Top of DATASET ENTRIES

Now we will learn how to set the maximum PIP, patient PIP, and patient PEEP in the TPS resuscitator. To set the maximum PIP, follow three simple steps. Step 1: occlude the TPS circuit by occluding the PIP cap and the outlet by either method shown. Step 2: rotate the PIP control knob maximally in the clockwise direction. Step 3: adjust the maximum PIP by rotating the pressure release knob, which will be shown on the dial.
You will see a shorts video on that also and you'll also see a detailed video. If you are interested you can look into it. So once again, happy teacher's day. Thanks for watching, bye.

Bottom of DATASET ENTRIES
Top of DATASET ENTRIES

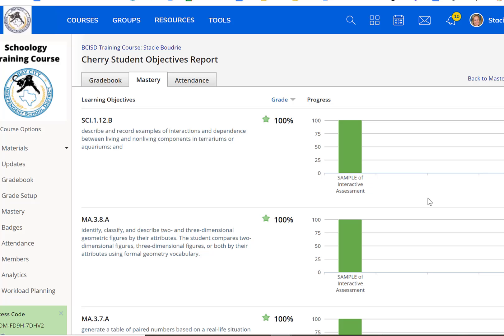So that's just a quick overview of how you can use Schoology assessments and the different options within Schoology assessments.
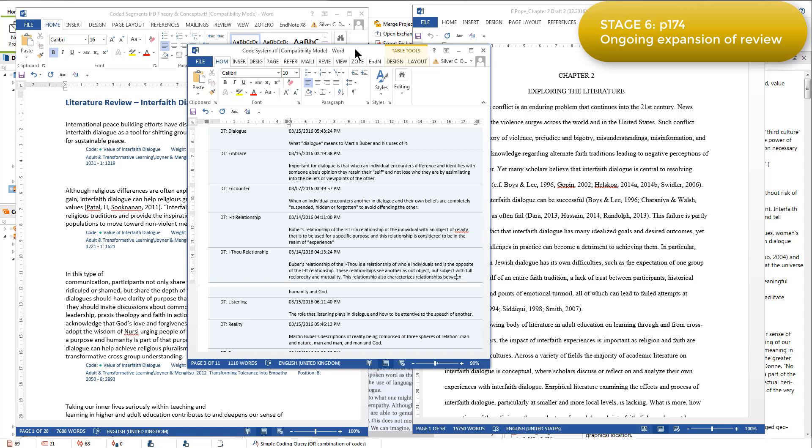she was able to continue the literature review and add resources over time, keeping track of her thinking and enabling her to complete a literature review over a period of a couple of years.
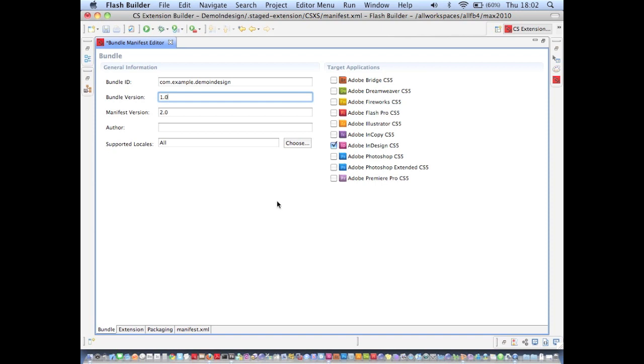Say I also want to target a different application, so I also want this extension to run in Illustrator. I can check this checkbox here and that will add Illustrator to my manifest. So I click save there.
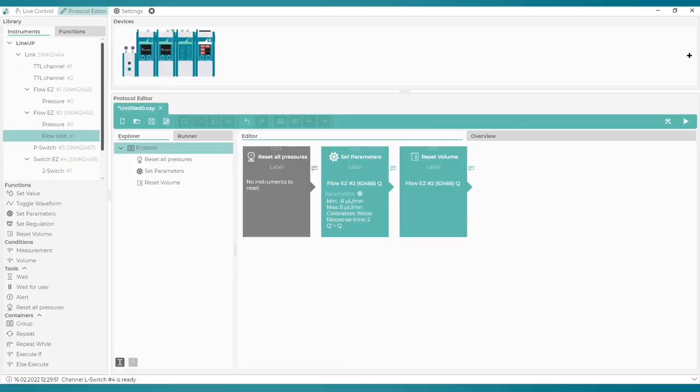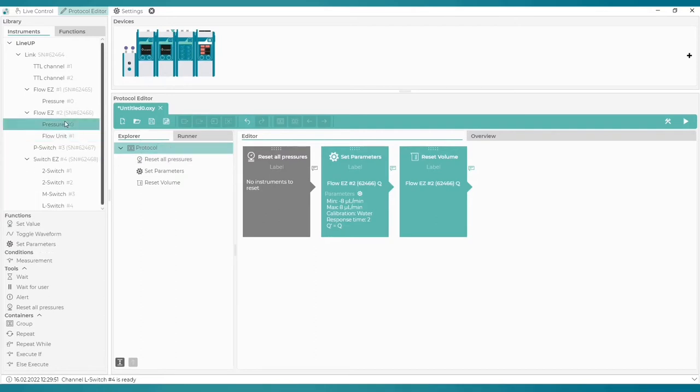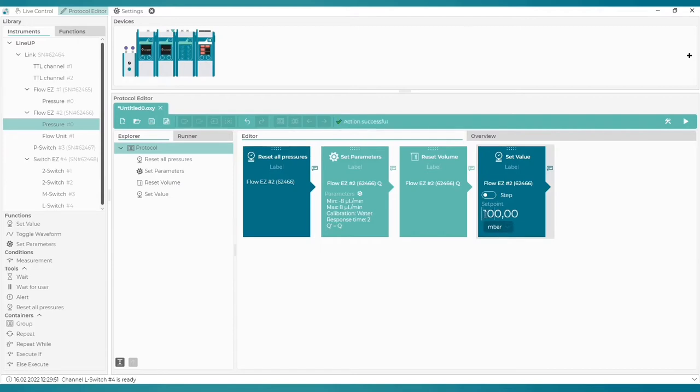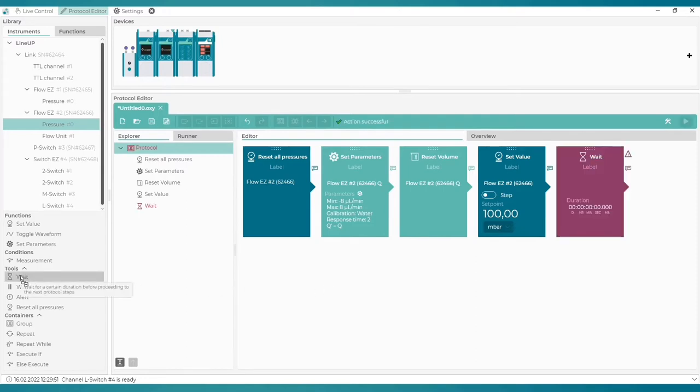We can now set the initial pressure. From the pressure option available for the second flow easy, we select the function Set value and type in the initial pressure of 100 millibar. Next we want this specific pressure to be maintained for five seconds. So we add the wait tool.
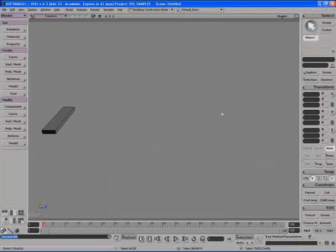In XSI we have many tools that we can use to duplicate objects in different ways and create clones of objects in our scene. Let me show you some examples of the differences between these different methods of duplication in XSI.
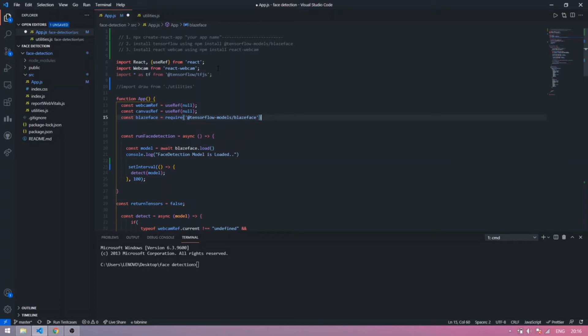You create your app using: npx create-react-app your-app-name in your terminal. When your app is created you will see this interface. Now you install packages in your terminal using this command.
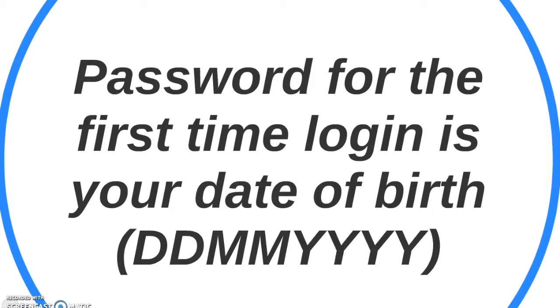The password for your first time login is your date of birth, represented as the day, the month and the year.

Bottom of DATASET ENTRIES
Top of DATASET ENTRIES

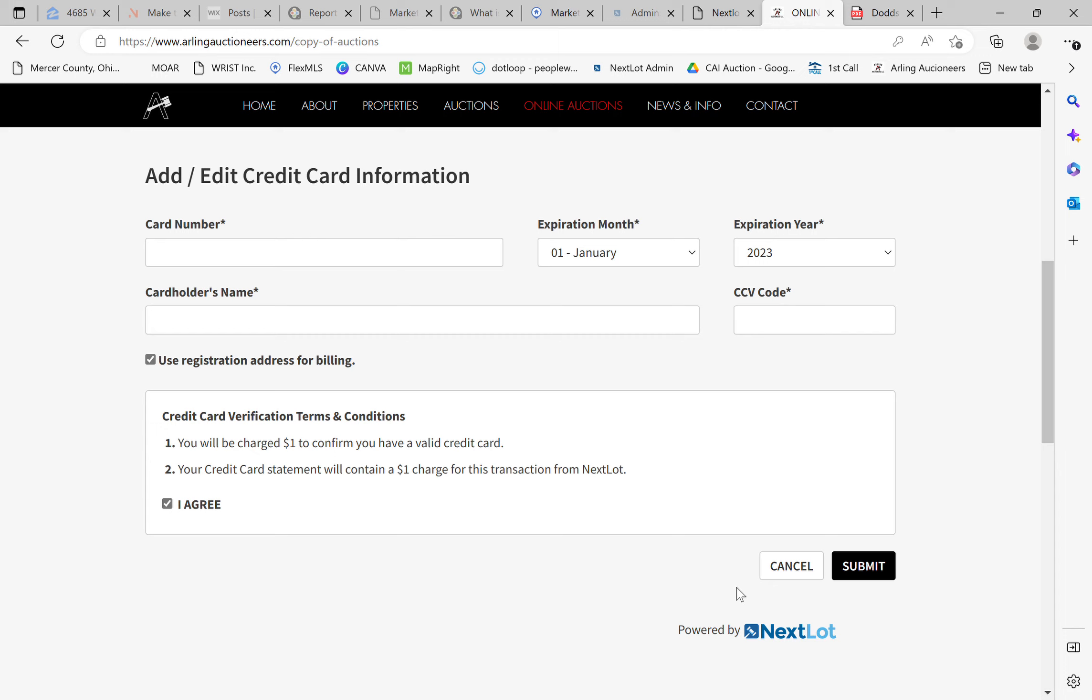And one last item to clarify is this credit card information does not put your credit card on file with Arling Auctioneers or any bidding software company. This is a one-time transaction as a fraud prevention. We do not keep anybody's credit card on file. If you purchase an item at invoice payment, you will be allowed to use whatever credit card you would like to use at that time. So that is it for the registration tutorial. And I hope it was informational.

Bottom of DATASET ENTRIES

**YOUR TASK**. Return, unchanged, the run of lines above that opens with the line containing "Now we will" and closes with the line containing "You will see a". Include both.

**EXERCISE RESULT**.
Now we will learn how to set the maximum PIP, patient PIP, and patient PEEP in the TPS resuscitator. To set the maximum PIP, follow three simple steps. Step 1: occlude the TPS circuit by occluding the PIP cap and the outlet by either method shown. Step 2: rotate the PIP control knob maximally in the clockwise direction. Step 3: adjust the maximum PIP by rotating the pressure release knob, which will be shown on the dial.
You will see a shorts video on that also and you'll also see a detailed video. If you are interested you can look into it. So once again, happy teacher's day. Thanks for watching, bye.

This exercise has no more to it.